What a Biden Presidency Means for Energy Markets
The 2020 election was exhausting to say the least. Agonizingly slow ballot counts across key battleground states, coupled with vicious political mud-slinging across the aisle, reduced the nation to a nervous wreck. But while the uncertainty of election week had everyone anxious, including the energy markets, Joe Biden’s eventual election was able to offer us a clearer glimpse into America’s future — at least, as far as energy goes.
The President-elect has proposed an extensive clean energy plan, which suggests a significant deviation from the nation’s current trajectory.
According to this plan, a Biden presidency will see the onset of a profound shift toward…
- increased regulation of fossil fuels
- push for efficiency
- long-term climate goals.
Biden’s Plan To “Build Back Better”
In contrast to President Trump’s energy policies, which have historically played in favor of the U.S. oil and gas industries, the Biden/Harris campaign has promised to take a different approach. The President-elect’s campaign has run on a pledge to “build back better,” tackling the coronavirus crisis and reviving the American economy in tandem. Under Biden, the U.S. will strive to achieve net-zero emissions, economy-wide, by no later than 2050. In addition, the administration aims to create a pollution-free power sector in the next 15 years. Biden’s combined COVID-19 economic recovery and clean energy investment strategy is projected to funnel $2T into these initiatives within his first term.
As part of his campaign’s broader plan to shift away from fossil fuels in the near future, Biden has also stated his intent for installing 500,000 new electric vehicle charging stations throughout the country. A Biden presidency will also support significant renewable energy and sustainability stimulus funding, which could include the extension of federal incentives to make it more attractive for corporations to choose renewable energy.

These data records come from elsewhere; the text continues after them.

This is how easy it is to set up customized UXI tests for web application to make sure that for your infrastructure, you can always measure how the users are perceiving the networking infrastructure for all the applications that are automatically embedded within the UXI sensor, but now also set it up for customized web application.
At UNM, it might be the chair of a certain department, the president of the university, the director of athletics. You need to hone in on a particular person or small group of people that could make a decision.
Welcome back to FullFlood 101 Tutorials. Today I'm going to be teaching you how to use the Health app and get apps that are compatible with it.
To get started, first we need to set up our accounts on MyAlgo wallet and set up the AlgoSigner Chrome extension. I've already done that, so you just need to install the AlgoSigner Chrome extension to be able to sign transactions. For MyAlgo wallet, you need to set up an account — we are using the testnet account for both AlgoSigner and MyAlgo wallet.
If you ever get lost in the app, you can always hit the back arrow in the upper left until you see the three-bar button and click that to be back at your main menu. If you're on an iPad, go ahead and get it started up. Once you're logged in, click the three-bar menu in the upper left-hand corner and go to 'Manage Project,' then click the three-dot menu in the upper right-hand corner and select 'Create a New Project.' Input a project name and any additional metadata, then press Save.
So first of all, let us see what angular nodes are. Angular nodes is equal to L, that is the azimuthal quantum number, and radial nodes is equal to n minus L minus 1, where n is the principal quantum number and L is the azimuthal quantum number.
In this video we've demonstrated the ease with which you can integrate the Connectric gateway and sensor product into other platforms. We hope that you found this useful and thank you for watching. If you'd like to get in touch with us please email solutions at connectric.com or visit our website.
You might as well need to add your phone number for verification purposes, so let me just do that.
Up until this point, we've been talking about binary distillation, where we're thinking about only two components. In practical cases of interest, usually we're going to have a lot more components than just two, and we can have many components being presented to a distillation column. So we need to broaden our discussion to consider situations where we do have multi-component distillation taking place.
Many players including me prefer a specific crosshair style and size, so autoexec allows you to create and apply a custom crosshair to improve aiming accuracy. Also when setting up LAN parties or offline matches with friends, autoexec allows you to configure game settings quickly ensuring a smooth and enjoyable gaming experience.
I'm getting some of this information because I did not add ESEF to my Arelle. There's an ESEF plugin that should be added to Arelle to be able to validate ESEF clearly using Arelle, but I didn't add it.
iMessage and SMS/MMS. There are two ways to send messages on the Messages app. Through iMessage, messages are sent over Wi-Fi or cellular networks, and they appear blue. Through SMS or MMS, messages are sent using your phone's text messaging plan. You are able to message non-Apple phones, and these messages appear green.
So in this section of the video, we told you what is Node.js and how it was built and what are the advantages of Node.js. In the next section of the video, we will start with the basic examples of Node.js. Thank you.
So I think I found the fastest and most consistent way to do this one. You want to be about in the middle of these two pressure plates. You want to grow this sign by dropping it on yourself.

”Under Biden, the U.S. will strive to achieve net-zero emissions, economy-wide, by no later than 2050 and create a pollution-free power sector in the next 15 years.
Uh-Oh For Oil And Gas
By the same token, it’s likely the new administration will end subsidies (often in the form of various tax credits and write-downs of assets and infrastructure) for the oil, gas and coal industries. The coal industry can also expect a return to Obama-era regulations under Biden, given the administration’s plans to continue phasing out coal out of the power mix in favor of natural gas and renewables.

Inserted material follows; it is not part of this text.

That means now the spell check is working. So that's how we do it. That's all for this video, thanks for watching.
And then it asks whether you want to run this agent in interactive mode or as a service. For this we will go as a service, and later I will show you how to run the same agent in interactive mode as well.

When it comes to natural gas, Biden has made clear he will not issue new permits for drilling on federal land. Increasing regulation on existing operations is also on his to-do list as president. But while he’s stated that his intent to move away from natural gas production via fracking, he hasn’t provided a clear timeframe or strategy for accomplishing that goal.
Though Biden’s proposal to limit drilling on federal lands could smite production, ballooning prices could make gas exports more profitable. What’s more, possible improved relations with China could open a door to a major world market for exporters.

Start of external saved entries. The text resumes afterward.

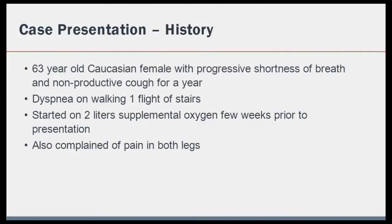Let's start with a case presentation. The case I am going to present is of a 63-year-old white female that was referred to our clinic for further evaluation of interstitial lung disease. The patient's main symptoms included exertional shortness of breath and non-productive cough. These symptoms had been present for approximately one year and were gradually progressive, and the patient was placed on supplemental oxygen a few weeks prior to her clinic visit.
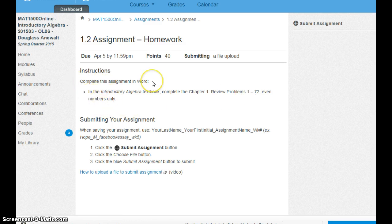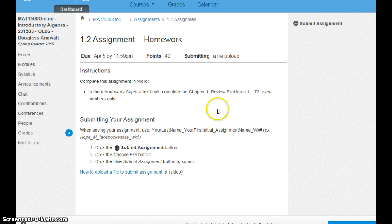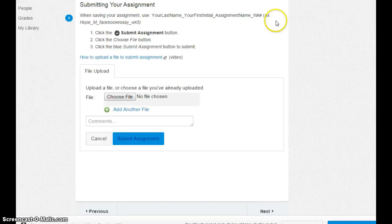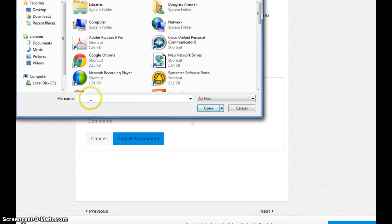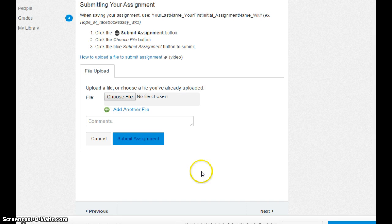Type your answers in a Word document. And when you have all those answers in a Word document, you're going to look for this button to submit it. When you click on it, you're going to choose a file — choose the file on your computer wherever you have that Word document with the answers. Choose it, save it, and then submit it.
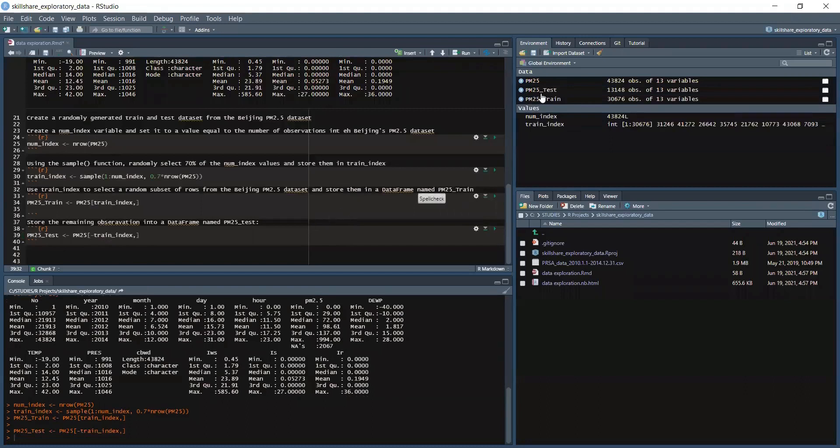And we did successfully create a test and a train. That is all in this video, so I hope you enjoy it and I will see you in the next video. Bye and thank you.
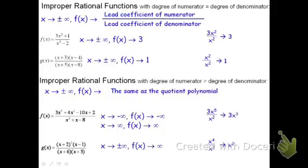If instead I'd been left with a negative x squared, then as x goes to positive or negative infinity, f of x would go to negative infinity — we just change the sign. I hope this helps you understand how to do the end behavior of rational functions, and thank you for watching.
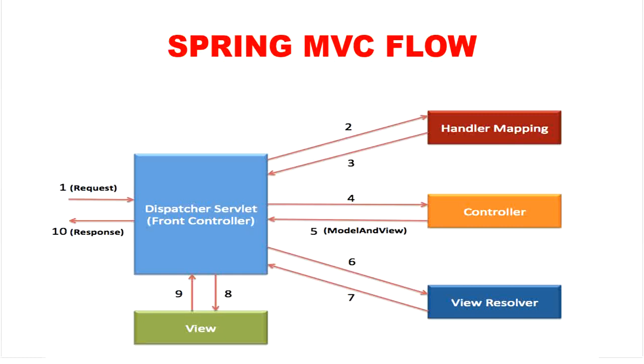In Spring Web MVC, DispatcherServlet class acts as a front controller and it is responsible to manage the flow of the Spring MVC application.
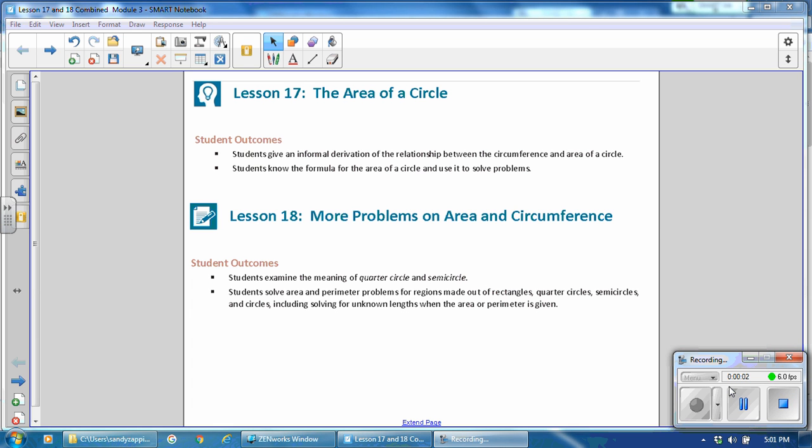This is Mrs. Zappia with Lessons 17 and 18 from Module 3, The Area of a Circle and More Problems on Area and Circumference.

Overall, renewable energy implementation is set to expand under a Biden administration, while fossil fuel energy generation is likely to diminish. But Biden’s election doesn’t signal a complete downturn for U.S. oil and gas. The Senate is projected to remain majority controlled by Republicans, meaning any legislation proposed by the new administration to restrict those industries will be hard to sign into law.
A Biden Win Has International Implications
This year’s election results also have implications that extend beyond America’s borders. Notably, the U.S. will be returning to global decarbonization efforts, as Biden has committed to rejoining the Paris Climate Agreement upon his inauguration.
Biden has also expressed interest in returning to the Iranian Nuclear Deal. Though the road to reinstatement will be rocky, it could mean that Iranian oil exports eventually rejoin the global market. Iran is the world’s seventh largest producer of crude oil; should it be relieved of its economic sanctions, the nation could add roughly 200M barrels of oil to the global market per day. But Iran’s potential reunion with the global oil market has key members of OPEC — the Organization of the Petroleum Exporting Countries — wringing their hands. Should Biden relax measures on Iran (and fellow sanctioned nation Venezuela), it could be harder for OPEC to balance supply with demand. According to a recent Reuters article, “any developments that threaten the future of the alliance could weaken the market, with significant implications for OPEC and other producers, governments and traders.”
Preparing For A New President
In preparation for a Biden presidency, businesses should expect increased pressure and incentives from the federal government to adopt clean energy and commit to climate targets. As a result, embedding climate solutions into their business strategy is crucial for companies that want to maintain a competitive edge.
As the Biden/Harris administration ushers in an era of clean energy initiatives, fossil fuels will bear the brunt of this transition, but will hang onto their lifeline with their allies in the Senate. OPEC members will keep a weather eye out on Biden’s relations with Iran, but will enjoy considerable time to readjust its production strategy before the administration is able to lift measures against sanctioned states. Meanwhile, American companies can prepare for the coming age of clean energy policies by implementing aggressive sustainability targets across the board.